Work order:
In the reply, include exactly the lines of the entries below from the first to the line with "路易威登 Louis Vuitton 高级成衣风衣外套及大衣服装 #8D3038FA 6", that line included.

Source records:
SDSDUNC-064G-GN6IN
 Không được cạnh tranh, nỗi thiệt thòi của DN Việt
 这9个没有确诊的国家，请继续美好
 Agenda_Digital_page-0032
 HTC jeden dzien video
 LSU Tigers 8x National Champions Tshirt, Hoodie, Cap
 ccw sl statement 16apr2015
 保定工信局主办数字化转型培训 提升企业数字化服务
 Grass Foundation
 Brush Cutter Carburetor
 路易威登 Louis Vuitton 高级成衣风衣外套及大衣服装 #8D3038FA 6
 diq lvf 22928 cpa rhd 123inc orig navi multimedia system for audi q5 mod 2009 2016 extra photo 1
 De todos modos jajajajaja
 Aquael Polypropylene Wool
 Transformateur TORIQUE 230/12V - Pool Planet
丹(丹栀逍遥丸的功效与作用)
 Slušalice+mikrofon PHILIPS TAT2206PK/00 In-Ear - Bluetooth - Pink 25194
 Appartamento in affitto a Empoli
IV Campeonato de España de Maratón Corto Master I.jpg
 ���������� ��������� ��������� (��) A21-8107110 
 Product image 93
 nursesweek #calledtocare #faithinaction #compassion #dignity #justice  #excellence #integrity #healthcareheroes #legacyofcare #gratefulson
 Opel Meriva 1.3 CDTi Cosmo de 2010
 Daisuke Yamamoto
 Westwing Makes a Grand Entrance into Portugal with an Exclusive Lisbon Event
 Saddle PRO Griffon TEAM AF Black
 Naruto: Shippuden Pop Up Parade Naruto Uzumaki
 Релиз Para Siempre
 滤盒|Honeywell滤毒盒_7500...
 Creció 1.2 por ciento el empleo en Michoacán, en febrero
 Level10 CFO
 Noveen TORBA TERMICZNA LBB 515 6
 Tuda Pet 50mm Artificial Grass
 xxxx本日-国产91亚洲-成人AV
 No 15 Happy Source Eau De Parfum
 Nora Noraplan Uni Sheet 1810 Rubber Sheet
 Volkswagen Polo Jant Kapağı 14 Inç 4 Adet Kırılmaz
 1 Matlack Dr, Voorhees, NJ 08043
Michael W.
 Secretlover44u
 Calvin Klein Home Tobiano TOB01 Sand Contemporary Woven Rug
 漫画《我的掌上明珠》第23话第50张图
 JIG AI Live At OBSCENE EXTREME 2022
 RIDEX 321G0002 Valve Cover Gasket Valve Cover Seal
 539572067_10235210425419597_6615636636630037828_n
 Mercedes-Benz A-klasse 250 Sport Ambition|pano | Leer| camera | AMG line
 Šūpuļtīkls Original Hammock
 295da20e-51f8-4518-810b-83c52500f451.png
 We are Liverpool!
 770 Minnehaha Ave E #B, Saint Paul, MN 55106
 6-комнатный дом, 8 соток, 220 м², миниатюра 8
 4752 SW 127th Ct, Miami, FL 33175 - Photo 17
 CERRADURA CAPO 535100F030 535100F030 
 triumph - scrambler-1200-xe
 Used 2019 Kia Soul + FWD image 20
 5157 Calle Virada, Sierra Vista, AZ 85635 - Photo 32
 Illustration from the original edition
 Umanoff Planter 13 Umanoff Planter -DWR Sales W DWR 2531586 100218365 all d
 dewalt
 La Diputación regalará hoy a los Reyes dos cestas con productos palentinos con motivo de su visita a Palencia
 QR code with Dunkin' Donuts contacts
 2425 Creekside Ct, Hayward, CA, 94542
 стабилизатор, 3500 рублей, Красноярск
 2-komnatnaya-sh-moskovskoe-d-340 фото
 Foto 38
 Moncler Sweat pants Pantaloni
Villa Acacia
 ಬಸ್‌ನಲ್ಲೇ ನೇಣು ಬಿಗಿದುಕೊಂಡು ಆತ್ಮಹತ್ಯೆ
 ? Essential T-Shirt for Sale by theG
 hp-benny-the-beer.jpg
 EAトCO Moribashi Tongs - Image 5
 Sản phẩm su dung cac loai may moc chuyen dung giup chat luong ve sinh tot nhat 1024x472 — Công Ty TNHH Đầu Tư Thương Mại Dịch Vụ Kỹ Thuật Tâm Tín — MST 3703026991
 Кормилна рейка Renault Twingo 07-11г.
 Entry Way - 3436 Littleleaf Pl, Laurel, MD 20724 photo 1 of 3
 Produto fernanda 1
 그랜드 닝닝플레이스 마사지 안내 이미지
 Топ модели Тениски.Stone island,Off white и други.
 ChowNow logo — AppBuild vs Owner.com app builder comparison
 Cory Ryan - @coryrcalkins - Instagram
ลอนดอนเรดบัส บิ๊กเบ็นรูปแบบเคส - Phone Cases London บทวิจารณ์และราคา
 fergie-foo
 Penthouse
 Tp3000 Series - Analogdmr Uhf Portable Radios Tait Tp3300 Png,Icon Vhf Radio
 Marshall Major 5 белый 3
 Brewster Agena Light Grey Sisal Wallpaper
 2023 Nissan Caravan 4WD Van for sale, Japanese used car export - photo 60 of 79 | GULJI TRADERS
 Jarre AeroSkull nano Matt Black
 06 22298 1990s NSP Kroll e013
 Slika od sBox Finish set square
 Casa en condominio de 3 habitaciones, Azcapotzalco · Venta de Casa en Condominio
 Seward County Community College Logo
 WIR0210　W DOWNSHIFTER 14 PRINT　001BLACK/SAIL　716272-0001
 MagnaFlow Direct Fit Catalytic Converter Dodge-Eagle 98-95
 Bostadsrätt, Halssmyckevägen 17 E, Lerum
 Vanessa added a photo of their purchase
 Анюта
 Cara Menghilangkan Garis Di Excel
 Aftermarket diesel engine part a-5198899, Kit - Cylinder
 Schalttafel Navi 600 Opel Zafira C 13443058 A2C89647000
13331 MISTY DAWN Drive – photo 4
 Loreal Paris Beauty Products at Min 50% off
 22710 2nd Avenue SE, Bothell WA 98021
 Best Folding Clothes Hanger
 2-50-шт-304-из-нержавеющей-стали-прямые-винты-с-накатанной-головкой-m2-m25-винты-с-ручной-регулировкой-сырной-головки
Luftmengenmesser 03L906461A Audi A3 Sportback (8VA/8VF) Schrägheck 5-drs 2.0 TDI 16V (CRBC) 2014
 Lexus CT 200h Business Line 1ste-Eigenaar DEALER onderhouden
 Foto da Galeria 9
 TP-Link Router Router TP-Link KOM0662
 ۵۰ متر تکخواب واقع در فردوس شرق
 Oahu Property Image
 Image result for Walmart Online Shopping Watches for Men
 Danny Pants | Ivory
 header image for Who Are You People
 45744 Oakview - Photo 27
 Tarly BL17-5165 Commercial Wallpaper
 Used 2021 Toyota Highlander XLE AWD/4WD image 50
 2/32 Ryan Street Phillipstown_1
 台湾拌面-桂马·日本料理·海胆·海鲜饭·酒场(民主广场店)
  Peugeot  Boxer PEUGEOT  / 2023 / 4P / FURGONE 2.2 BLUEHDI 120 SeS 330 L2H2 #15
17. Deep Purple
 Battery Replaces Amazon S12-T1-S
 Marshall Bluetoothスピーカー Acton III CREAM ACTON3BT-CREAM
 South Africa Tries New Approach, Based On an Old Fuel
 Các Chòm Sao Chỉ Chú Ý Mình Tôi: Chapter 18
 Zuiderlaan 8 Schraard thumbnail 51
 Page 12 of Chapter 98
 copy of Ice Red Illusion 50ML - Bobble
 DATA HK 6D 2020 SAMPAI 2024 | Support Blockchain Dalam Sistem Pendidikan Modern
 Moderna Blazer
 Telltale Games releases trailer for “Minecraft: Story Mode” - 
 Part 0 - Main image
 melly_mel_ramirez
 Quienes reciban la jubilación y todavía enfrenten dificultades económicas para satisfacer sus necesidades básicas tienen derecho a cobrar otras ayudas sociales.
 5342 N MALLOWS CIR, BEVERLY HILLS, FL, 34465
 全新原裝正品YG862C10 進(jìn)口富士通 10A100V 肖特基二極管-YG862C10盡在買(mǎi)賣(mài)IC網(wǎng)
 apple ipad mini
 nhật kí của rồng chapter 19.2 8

Solution to the exercise:
SDSDUNC-064G-GN6IN
 Không được cạnh tranh, nỗi thiệt thòi của DN Việt
 这9个没有确诊的国家，请继续美好
 Agenda_Digital_page-0032
 HTC jeden dzien video
 LSU Tigers 8x National Champions Tshirt, Hoodie, Cap
 ccw sl statement 16apr2015
 保定工信局主办数字化转型培训 提升企业数字化服务
 Grass Foundation
 Brush Cutter Carburetor
 路易威登 Louis Vuitton 高级成衣风衣外套及大衣服装 #8D3038FA 6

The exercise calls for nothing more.